Durante dos siglos, la relación con las potencias del Atlántico ha sido ambivalente: admiración y desconfianza, aspiración y conflicto. De la guerra con Estados Unidos en 1847 a la intervención francesa, nuestra posición ha estado marcada por una desigualdad estructural de poder económico, militar y político. Sin embargo, el presente nos ofrece una nueva imagen: por primera vez, México se puede contemplar a sí mismo no desde la subordinación, sino desde su potencial complejo.
Somos la duodécima economía del mundo. Nuestra industria ha alcanzado niveles de sofisticación que nos colocan como líderes en complejidad productiva en América Latina. Uno de cada cinco mexicanos vive fuera del país, y la migración ha dejado de ser sólo una vía de escape: es hoy una red transnacional que intercambia remesas, pero también experiencias, conocimiento y valores. México, además, ha construido una democracia joven y vacilante, pero persistente, que ha resistido las tentaciones autoritarias y los embates de la polarización sin rupturas profundas.
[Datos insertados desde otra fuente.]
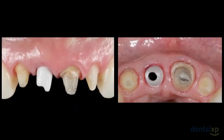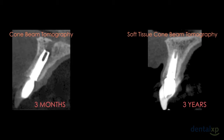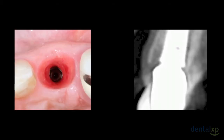The zirconia abutment was inserted, and we can observe the leveling of the gingival margin and the relevant volume of soft tissue. The final ceramic crowns were delivered. In a comparison of buccal bone wall thickness at three months and three years after the IDR procedure, the CBCT and clinical images show a favorable outcome. The platform-switching abutment provided good peri-implant hard tissue thickness and excellent volume of soft tissue.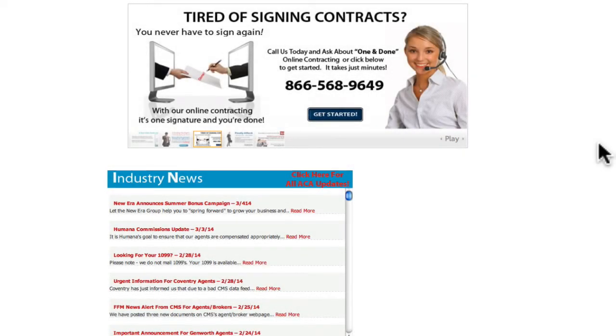Messer Financial Group presents an overview of online contracting. In this first installment, we will select our user ID, password, and PIN.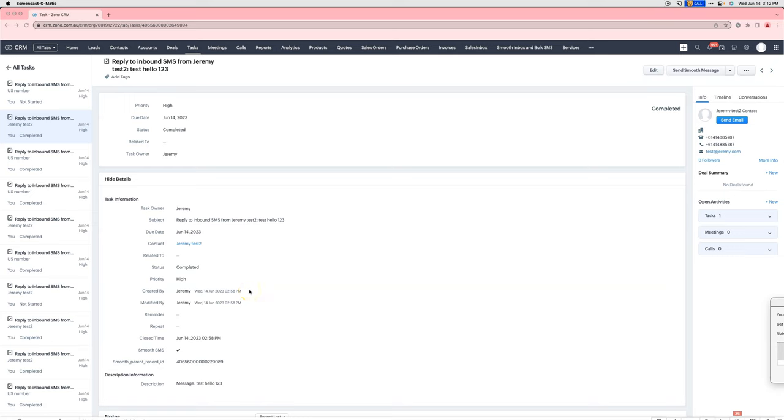Greetings, I am Jeremy, the Product Manager for the Zoho integration. Today I would like to show you our new feature, Sending SMS from Tasks.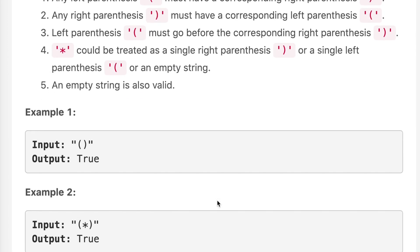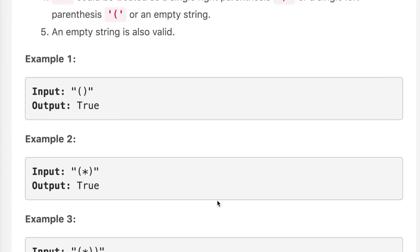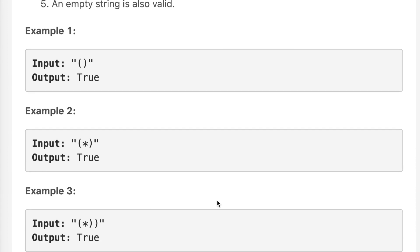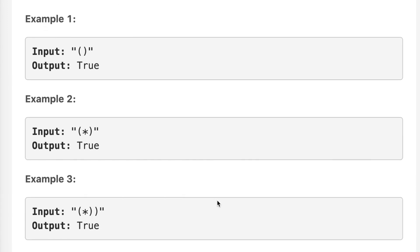In example one, we have open bracket and close bracket — the answer is true. In example two, we have open bracket and closing bracket which cancel out, and in the middle we have asterisk which can be treated as an empty string, so the answer is true. In example three, open bracket and closing bracket cancel out, and the asterisk can be treated as a left parenthesis so it cancels out — the answer is true.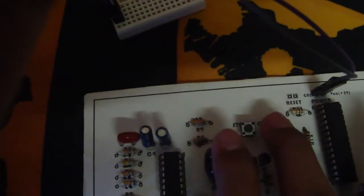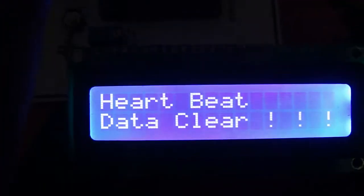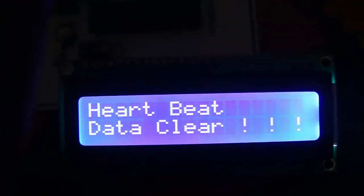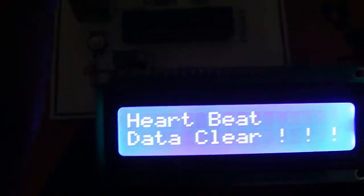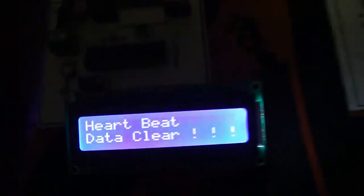I can do one more measurement. I'll clear the data from here. You can see here - data cleared. Now I can count one more time.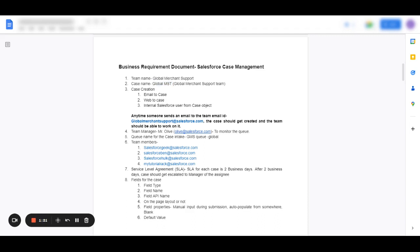Assuming here for the sake of the document global MSD - is MSD a well-known acronym? If not, then it's wise to use the case record type or the case name as global merchant support team.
Y, sin embargo, los desafíos son inmensos. La violencia criminal erosiona la legitimidad del Estado. La desigualdad se perpetúa. La gestión pública, en muchos casos, apenas cumple con lo indispensable. Las oportunidades históricas se han desaprovechado una y otra vez, y donde debimos construir excelencia, con frecuencia nos hemos conformado con la medianía.
A pesar de todo, algo ha comenzado a cambiar. México se ha vuelto -casi sin declararlo- una nación abierta al mundo. Hoy residen en nuestro país más de un millón de inmigrantes. Cada vez más mexicanos estudian, trabajan y emprenden fuera de nuestras fronteras. Se multiplican los vínculos culturales, científicos y empresariales con el resto del mundo. Esta apertura no es un riesgo: es una de nuestras mayores fortalezas.
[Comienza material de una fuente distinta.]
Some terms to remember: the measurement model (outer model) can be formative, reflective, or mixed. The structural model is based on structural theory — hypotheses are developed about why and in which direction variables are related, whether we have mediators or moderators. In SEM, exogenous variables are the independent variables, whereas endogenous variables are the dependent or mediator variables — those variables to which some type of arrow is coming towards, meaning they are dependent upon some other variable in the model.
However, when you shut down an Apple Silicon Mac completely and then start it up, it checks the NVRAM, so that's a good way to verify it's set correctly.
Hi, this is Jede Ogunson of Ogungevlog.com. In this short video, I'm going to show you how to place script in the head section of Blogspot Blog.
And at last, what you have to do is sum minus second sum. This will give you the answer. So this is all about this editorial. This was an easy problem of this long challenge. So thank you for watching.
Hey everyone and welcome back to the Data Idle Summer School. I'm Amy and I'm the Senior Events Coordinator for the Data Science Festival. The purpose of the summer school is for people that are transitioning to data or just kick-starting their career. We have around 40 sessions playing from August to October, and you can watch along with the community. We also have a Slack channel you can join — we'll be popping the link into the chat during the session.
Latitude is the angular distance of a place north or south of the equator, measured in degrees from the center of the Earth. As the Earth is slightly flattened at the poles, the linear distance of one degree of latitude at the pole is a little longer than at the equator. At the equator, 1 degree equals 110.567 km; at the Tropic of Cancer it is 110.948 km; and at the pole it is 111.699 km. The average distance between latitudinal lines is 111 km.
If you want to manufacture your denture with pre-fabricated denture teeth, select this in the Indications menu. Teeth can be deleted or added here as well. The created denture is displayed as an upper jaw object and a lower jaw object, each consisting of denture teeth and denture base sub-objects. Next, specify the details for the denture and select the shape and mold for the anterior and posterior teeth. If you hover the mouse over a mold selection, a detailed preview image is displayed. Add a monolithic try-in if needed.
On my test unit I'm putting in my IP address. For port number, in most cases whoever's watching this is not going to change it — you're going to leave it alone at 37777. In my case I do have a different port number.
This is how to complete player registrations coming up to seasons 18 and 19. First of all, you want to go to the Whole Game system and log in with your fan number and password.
En un escenario global marcado por la fragmentación geopolítica, las tensiones comerciales y el reacomodo de cadenas de valor, México tiene una ventaja decisiva: su ubicación estratégica y su vocación integradora. Formamos parte de Norteamérica, conservamos raíces atlánticas y construimos vínculos cada vez más sólidos con Asia. Convertir esa ubicación en un proyecto nacional de transformación incluyente exige visión, responsabilidad y un nuevo pacto de convivencia que convierta la diversidad política en una fortaleza democrática, no en una fractura paralizante.
Este es un momento que exige audacia. Necesitamos acelerar el paso, modernizar nuestros procesos, asumir una ética pública fundada en la competencia, la legalidad y la integridad. Nuestras empresas deben ser más resilientes e innovadoras; nuestras familias, más conscientes y solidarias; y nuestras instituciones, más eficaces y confiables.
México ya no es una nación encerrada en su historia. Es un país que se mueve, que aprende, que se proyecta. Si acompañamos esta apertura con un compromiso decidido por el fortalecimiento institucional y la calidad en la acción pública, podremos navegar con éxito en un mundo incierto y volátil. No se trata de perder lo que somos, sino de afirmarlo en el escenario global, con identidad, con convicción y con visión de futuro.
La historia enseña que el aislamiento empobrece, mientras que la apertura bien gestionada enriquece. México tiene hoy la oportunidad de demostrarlo.